A command-line tool for learning from and operating on sparse data, as are typically used to represent text-documents, etc. Here's the usage information:
Full Usage Information
[Square brackets] are used to indicate required arguments.
<Angled brackets> are used to indicate optional arguments.

waffles_recommend [command]
   Predict missing values in data, and test collaborative-filtering
   recommendation systems.
   crossvalidate <options> [3col-data] [collab-filter]
      Measure accuracy using cross-validation. Prints MSE and MAE to stdout.
      <options>
         -seed [value]
            Specify a seed for the random number generator.
         -folds [n]
            Specify the number of folds. If not specified, the default is 2.
      [3col-data]
         The filename of 3-column (user, item, rating) dataset. Column 0
         contains a user ID. Column 1 contains an item ID. Column 2 contains
         the known rating for that user-item pair.
   fillmissingvalues <options> [data] [collab-filter]
      Fill in the missing values in an ARFF file with predicted values and
      print the resulting full dataset to stdout. ([data] is in full
      users*items or patterns*attributes format, not the dense 3-column
      format.)
      <options>
         -seed [value]
            Specify a seed for the random number generator.
         -nonormalize
            Do not normalize all of the columns to fall between 0 and 1 before
            imputing the missing values. (The default is to normalize first.)
      [data]
         The filename of a dataset with missing values to impute.
   precisionrecall <options> [3col-data] [collab-filter]
      Compute precision-recall data
      <options>
         -seed [value]
            Specify a seed for the random number generator.
         -ideal
            Ignore the model and compute ideal results (as if the model always
            predicted correct ratings).
      [3col-data]
         The filename of 3-column (user, item, rating) dataset. Column 0
         contains a user ID. Column 1 contains an item ID. Column 2 contains
         the known rating for that user-item pair.
   roc <options> [3col-data] [collab-filter]
      Compute data for an ROC curve. (The area under the curve will appear in
      the comments at the top of the data.)
      <options>
         -seed [value]
            Specify a seed for the random number generator.
         -ideal
            Ignore the model and compute ideal results (as if the model always
            predicted correct ratings).
      [3col-data]
         The filename of 3-column (user, item, rating) dataset. Column 0
         contains a user ID. Column 1 contains an item ID. Column 2 contains
         the known rating for that user-item pair.
   transacc <options> [train] [test] [collab-filter]
      Train using [train], then test using [test]. Prints MSE and MAE to
      stdout.
      <options>
         -seed [value]
            Specify a seed for the random number generator.
      [train]
         The filename of 3-column (user, item, rating) dataset with one row for
         each rating. Column 0 contains a user ID. Column 1 contains an item
         ID. Column 2 contains the known rating for that user-item pair.
      [test]
         The filename of 3-column (user, item, rating) dataset with one row for
         each rating.
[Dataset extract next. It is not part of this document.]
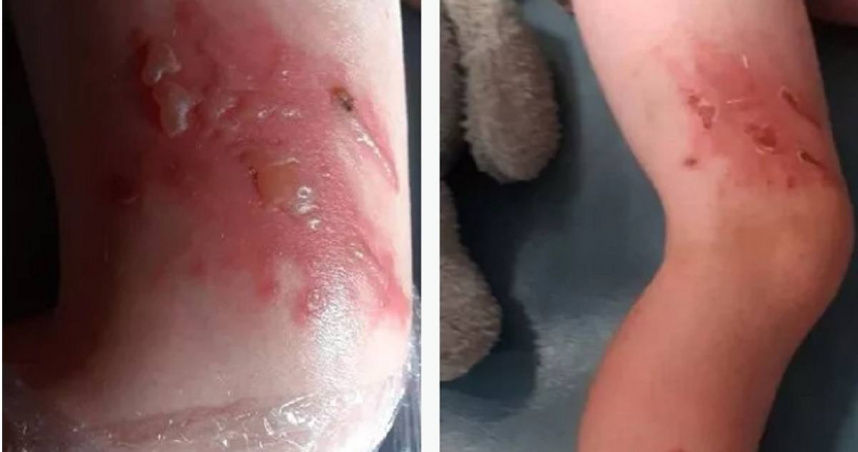 碰到最危險植物！4歲女童冒「黑色水泡」傷疤不會好　醫：跟燒傷一樣嚴重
Column 0 contains a user ID. Column 1 contains an item
         ID. Column 2 contains the known rating for that user-item pair.
   usage
      Print usage information.
[collab-filter]
   A collaborative-filtering recommendation algorithm.
   bag <contents> end
      A bagging (bootstrap aggregating) ensemble. This is a way to combine the
      power of collaborative filtering algorithms through voting. "end" marks
      the end of the ensemble contents. Each collaborative filtering algorithm
      instance is trained on a subset of the original data, where each
      expressed element is given a probability of 0.5 of occurring in the
      training set.
      <contents>
         [instance_count] [collab-filter]
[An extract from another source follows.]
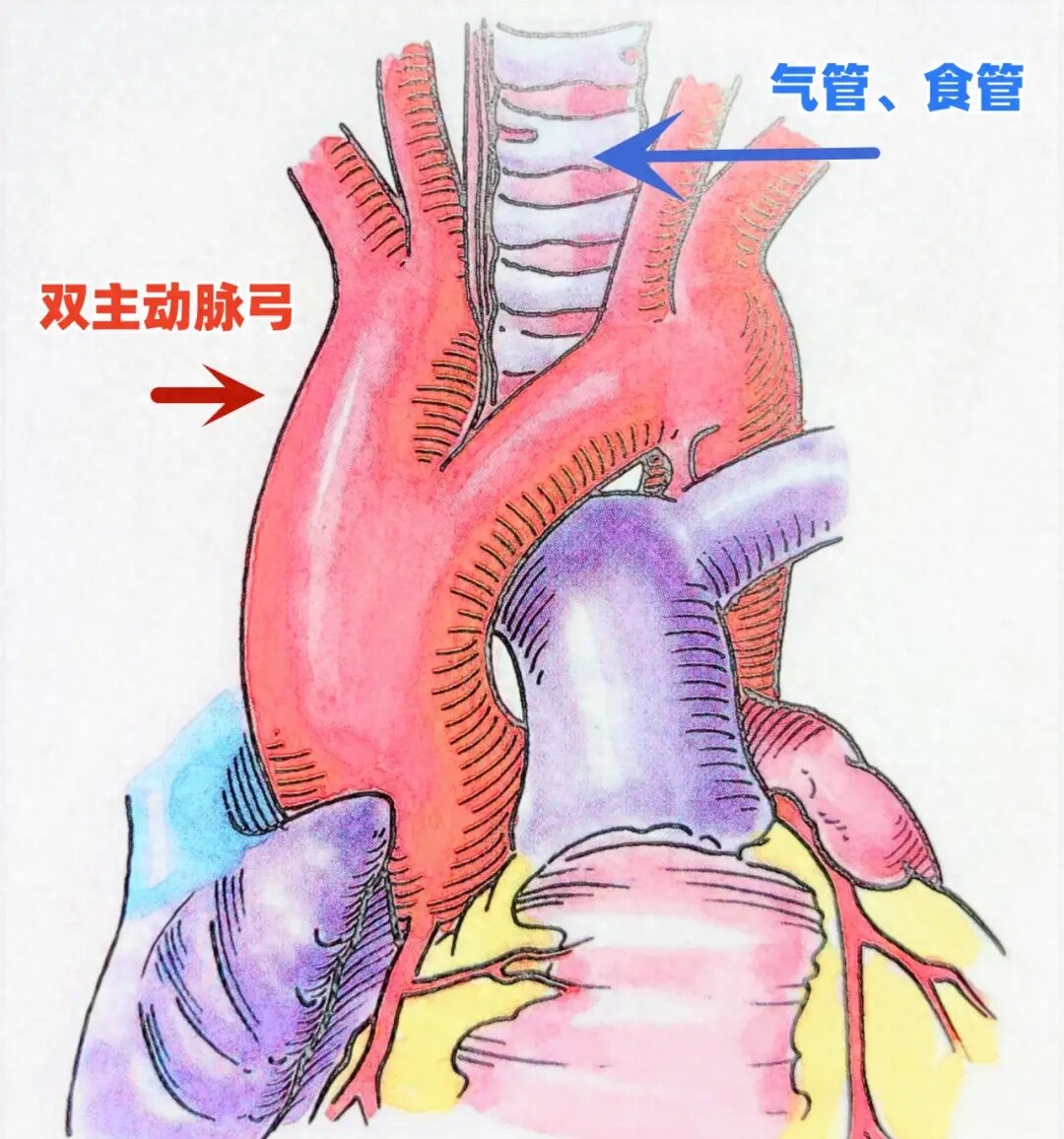 血管环之双主动脉弓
            Specify the number of instances of a collaborative filtering
            algorithm to add to the bagging ensemble.
   baseline
      A very simple recommendation algorithm. It always predicts the average
      rating for each item. This algorithm is useful as a baseline algorithm
      for comparison.
   clusterdense [n] <options>
      A collaborative-filtering algorithm that clusters users based on a dense
      distance metric with k-means, and then makes uniform recommendations
      within each cluster.
      [n]
         The number of clusters to use.
      <options>
         -norm [l]
            Specify the norm for the L-norm distance metric to use.
         -missingpenalty [d]
            Specify the difference to use in the distance computation when a
            value is missing from one or both of the vectors.
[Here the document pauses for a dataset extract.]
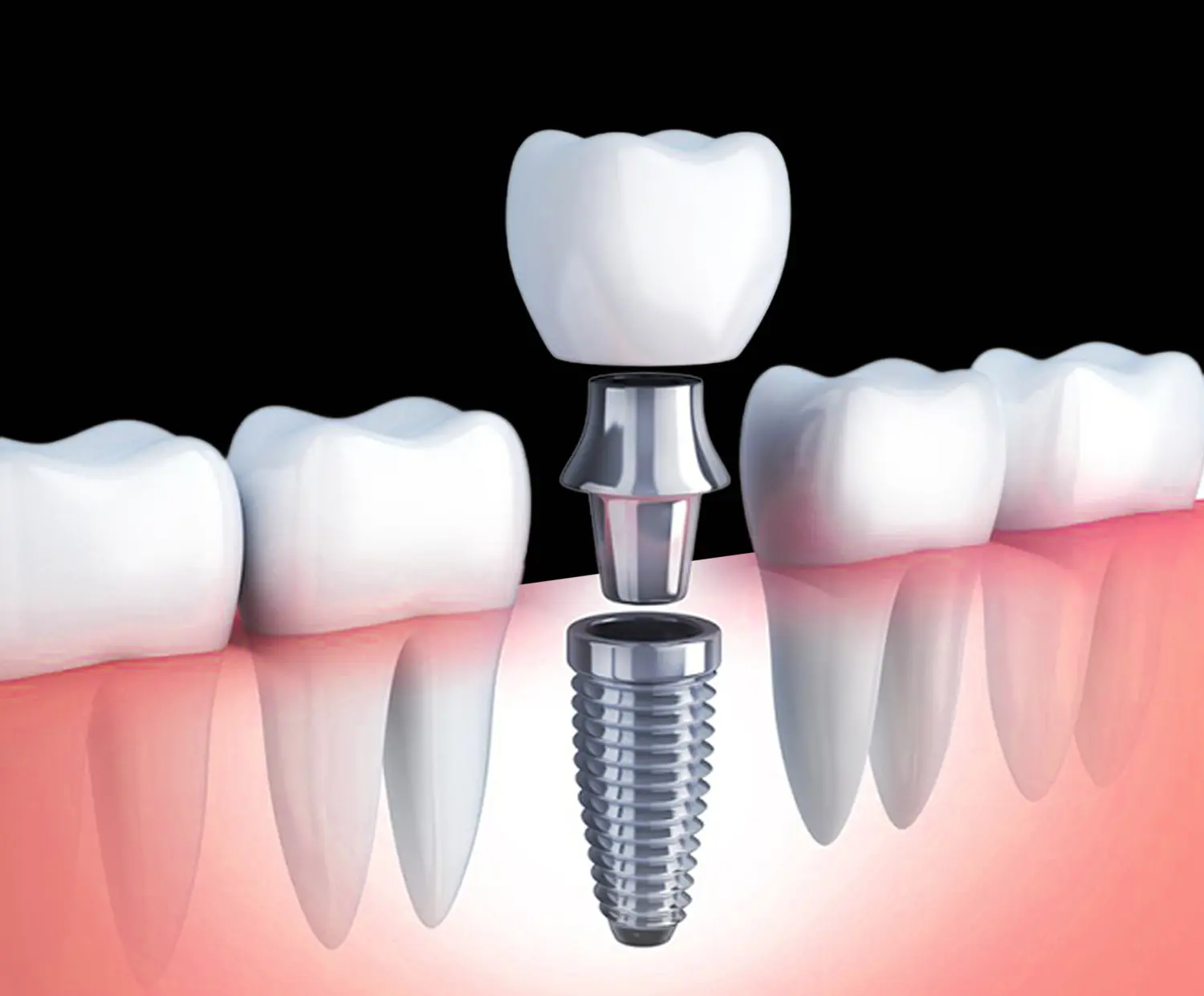 Placement of permanent crown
   clustersparse [n] <options>
      A collaborative-filtering algorithm that clusters users based on a sparse
      similarity metric with k-means, and then makes uniform recommendations
      within each cluster.
      [n]
         The number of clusters to use.
      <options>
         -pearson
            Use Pearson Correlation to compute the similarity between users.
            (The default is to use the cosine method.)
   instance [k] <options>
      An instance-based collaborative-filtering algorithm that makes
      recommendations based on the k-nearest neighbors of a user.
      [k]
         The number of neighbors to use.
      <options>
         -pearson
            Use Pearson Correlation to compute the similarity between users.
            (The default is to use the cosine method.)
         -regularize [value]
            Add [value] to the denominator in order to regularize the results.
            This ensures that recommendations will not be dominated when a
            small number of overlapping items occurs. Typically, [value] will
            be a small number, like 0.5 or 1.5.
         -sigWeight [value]
            Scale the significane weighting of the items based on how many
            items two users have rated. The default value of 0 indicates the no
            significance weightig will be done. The significance is scaled as
            numItemsRatedByBotheUSers/sigWeight.
   matrix [intrinsic] <options>
      A matrix factorization collaborative-filtering algorithm. (Implemented
      according to the specification on page 631 in Takacs, G., Pilaszy, I.,
      Nemeth, B., and Tikk, D. Scalable collaborative filtering approaches for
      large recommender systems. The Journal of Machine Learning Research,
      10:623-656, 2009. ISSN 1532-4435., except with the addition of
      learning-rate decay and a different stopping criteria.)
      [intrinsic]
         The number of intrinsic (or latent) feature dims to use to represent
         each user's preferences.
      <options>
         -regularize [value]
            Specify a regularization value. Typically, this is a small value.
            Larger values will put more pressure on the system to use small
            values in the matrix factors.
         -miniters [value]
            Specify a the minimum number of iterations to train the model
            before checking its validation error. This ensures that model does
            at least a certain amount of training before converging.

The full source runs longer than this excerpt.